Я видел, как он морщился при каждом щелчке цепей, затягиваемых у него на талии.

Должно быть, у меня был очень растерянный вид. Генри то и дело повторял:

– Не волнуйся, Брайан, не волнуйся. Приезжай еще, ладно?

Когда охранник подтолкнул его к двери, Генри обернулся, чтобы еще раз посмотреть на меня.

– Мне, право, очень жаль, – забормотал я. – Мне очень жа…

– Пусть это тебя не волнует, Брайан, – перебил он меня. – Просто приезжай еще.

Я смотрел на него и силился сказать что-нибудь, соответствующее случаю, что-то утешительное, что-то такое, что выразило бы мою благодарность за то, как он терпелив со мной. Но в голову ничего не шло. Генри смотрел на меня и улыбался. Охранник грубо толкал его к двери. Мне не понравилось такое обращение с заключенным, но он продолжал улыбаться – а потом, прямо перед тем как охранник уже почти вытолкал его из комнаты, твердо уперся в пол ногами. Он казался спокойным и безмятежным. А потом сделал нечто совершенно неожиданное. Я видел, как он прикрыл глаза и чуть склонил голову набок. Я не понимал, что он делает, пока он не открыл рот… и тогда я понял. Он запел. У него оказался великолепный баритон, сильный и чистый. Это ошеломило и меня, и охранника, который даже перестал его толкать.

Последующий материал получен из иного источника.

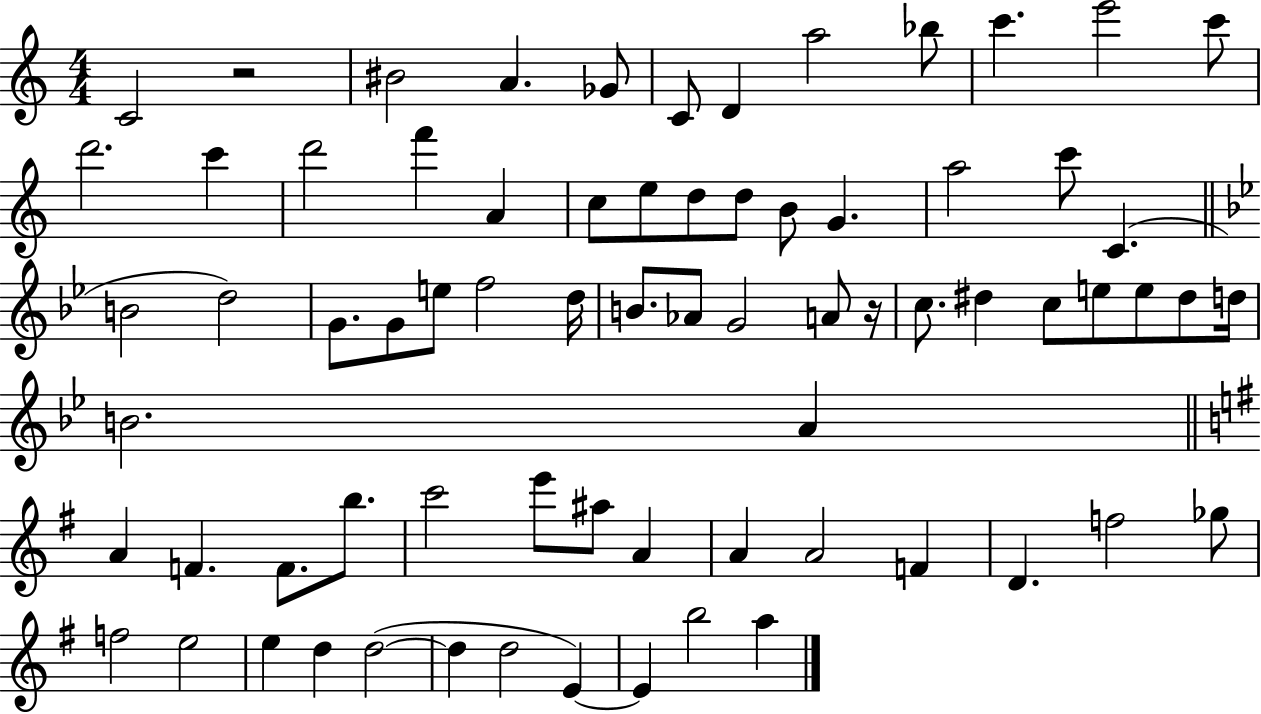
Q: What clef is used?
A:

Я каждый день стремлюсь вперед,

Все новых жаждая высот.

Молю, Господь, стопы мои

Поставь на высоту земли.

Это старый гимн, его постоянно пели в церкви, в которую я ходил в детстве. Я не слышал его уже много лет. Генри пел медленно, с огромной искренностью и убежденностью. Охранник настолько оторопел, что не сразу опомнился, но потом стал с новой силой выталкивать его за дверь. Поскольку щиколотки Генри были скованы, а руки удерживались наручниками за спиной, он едва не упал, запнувшись о порог, когда охранник выпихнул его из комнаты. Он шатался, едва держа равновесие, но петь не переставал. Я слышал его голос, удалявшийся по коридору:

Тянусь всей верой, всей душой

К небесной тверди от земной.

Господь, услышь мою мечту

И вознеси на высоту.

Я так и остался сидеть, пораженный до глубины души. Голос Генри был наполнен страстным стремлением. Его песня казалась мне драгоценным даром. Я пришел в тюрьму, измученный тревогой и страхом, не зная, будет ли он готов терпеть мою профессиональную неполноценность. Я не рассчитывал на сострадание или великодушие. У меня не было никакого права чего-то ждать от осужденного, приговоренного к смертной казни. Однако он одарил меня потрясающей долей своей человечности. В этот момент Генри изменил что-то в моем понимании человеческого потенциала, искупления и способности надеяться.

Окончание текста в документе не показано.